Advantages of Amorphous Metal Technology
Given the recent launch of our Ultra Low Loss Amorphous Wilson e3 Transformer, and as pioneers of amorphous metal technology in the UK, we wanted to highlight some of the clear advantages of amorphous metal technology.
Amorphous metals are alloys with a different makeup compared to typical metals. Amorphous metals have a fundamentally different structure giving them significant advantages, unlike common metals which have a crystalline structure, often limiting their performance.
Why do amorphous metal perform better?
Made up of atoms of varying sizes, amorphous metals have a random atomic microstructure; they do not face the boundaries or weaknesses that some more common metals with rigid (crystalline) structures do. Therefore, amorphous metals can be more resistant to wear and corrosion, tougher and a lot less brittle.
Although both crystalline and amorphous alloys are amorphous in the molten state, when cooled, amorphous alloys do not transform into a crystalline structure. As a result, aspects which contribute to a metal’s weakness such as crystals, columnar grains and grain boundaries are not present, presenting a metal that is unrivalled by crystalline alloys.
How have amorphous metals evolved?
In the beginning, the trickiest part was the cooling of the metal. Huge cooling rates were needed to prevent the normal crystallisation process. Due to this, amorphous metal was only manufactured in very thin ribbon strips. However, as time has gone by, the technology has evolved meaning amorphous metals can now be successfully produced on a larger scale.

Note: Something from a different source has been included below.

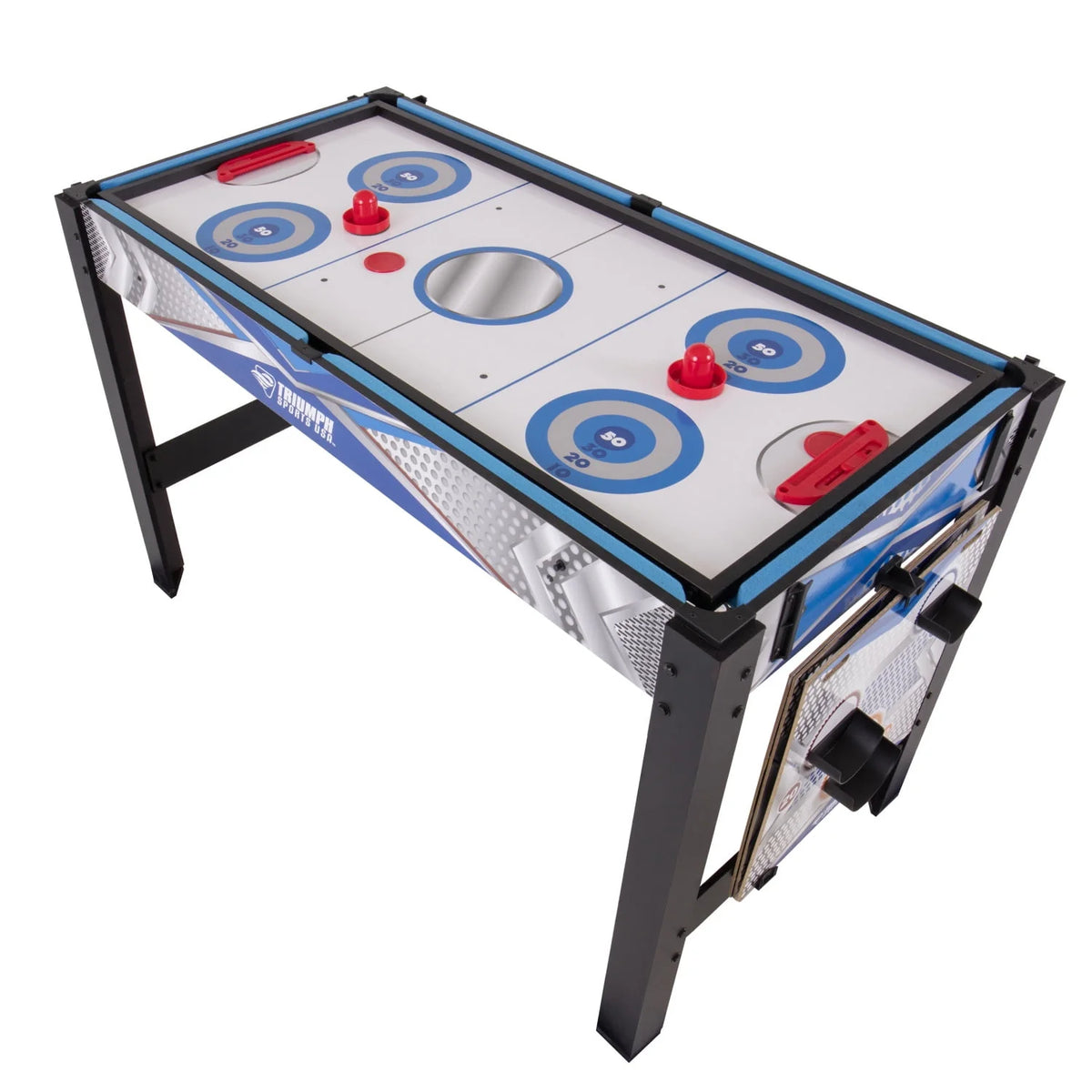 13-in-1 Combo Game Table H81358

Although crystalline alloys can be improved and made to be stronger or harder, it’s a post-processing process, whereas amorphous metals can achieve such qualities without the additional work. Therefore, amorphous metals, and their properties, pedestal themselves above crystalline metals in a lot of areas.
What are the advantages of amorphous metals?
Amorphous alloys possess plenty of useful properties, making them ideal for many industrial, manufacturing and structural processes. The following list highlights some of these qualities which make it so adaptable.
- Tremendous Thermal Conductivity
- Superior hardness at elevated temperatures
- High hardness in general
- Hard wearing resistance
- High resistance against Corrosion
- Highly scratch resistant
- Superior strength/weight ratio
- Low coefficient of friction
- High yield strength
- Superior bond strength
- Excellent withstand of repeated thermal cycling
Again, one of the key components are amorphous metals non discernible patterns. Contrasting the crystalline structure where vacancies can collect, forming voids and resulting in dislocations or fractures (a reduction in strength). The boundaries created also promote energy wastage at the surface of the metal and open it up to corrosion and other chemical reactions.
Amorphous Technology at Wilson Power Solutions
There are many myths surrounding amorphous metals. However, we are firm believers in the technology, as we have already seen hundreds of successful installations help organisations save both energy and money.
The advancements in amorphous technology have allowed us to stay ahead of the curve for the Tier 3 Eco Design directive.
Given the current climate, and the energy trilemma threatening all of our livelihoods, we are advocates of saving energy by looking beyond the low hanging fruit and instead addressing your infrastructure.